The Monetary Authority of Singapore decided to raise slightly the slope of the S$NEER policy band, from zero percent previously. The width of the policy band and the level at which it is centered will be unchanged.
The bank said the decision will help to ensure price stability over the medium term while recognizing the risks to the economic recovery.
The MAS applies the exchange rate against a basket of currencies within an undisclosed band as its monetary policy tool.
The central bank forecast the city-state economy to expand 6-7 percent this year and register a slower but still-above trend pace in 2022.

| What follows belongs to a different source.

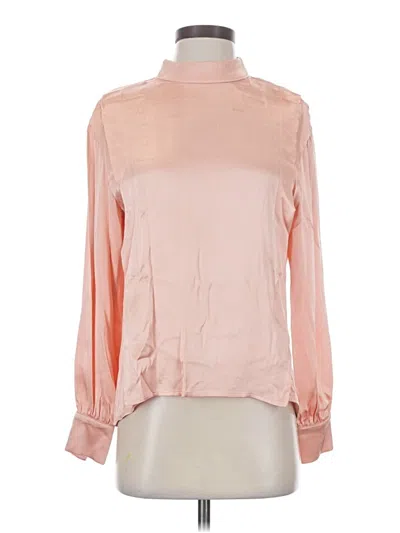 Pre-owned Assorted Brands Long Sleeve Blouse In Pink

According to the data published by the Ministry of Trade and Industry, the economy grew 6.5 percent on a year-on-year basis in the third quarter, moderating from the 15.2 percent growth in the previous quarter.
Strengthening external demand and recovering domestic expenditure are expected to sustain a firm pace of growth in the Singapore economy in the quarters ahead, the bank said.
For 2021 as a whole, the bank expects core inflation to come in near the upper end of the 0-1 percent forecast range, and is expected to increase further to 1-2 percent in 2022.
Consumer price inflation is likely to come in around 2 percent in 2021 and average 1.5-2.5 percent next year.
Core inflation is unlikely to rise substantially next year, even as the recovery regains some momentum, Alex Holmes, an economist at Capital Economics, said. As such, the MAS is likely to leave policy on hold in 2022.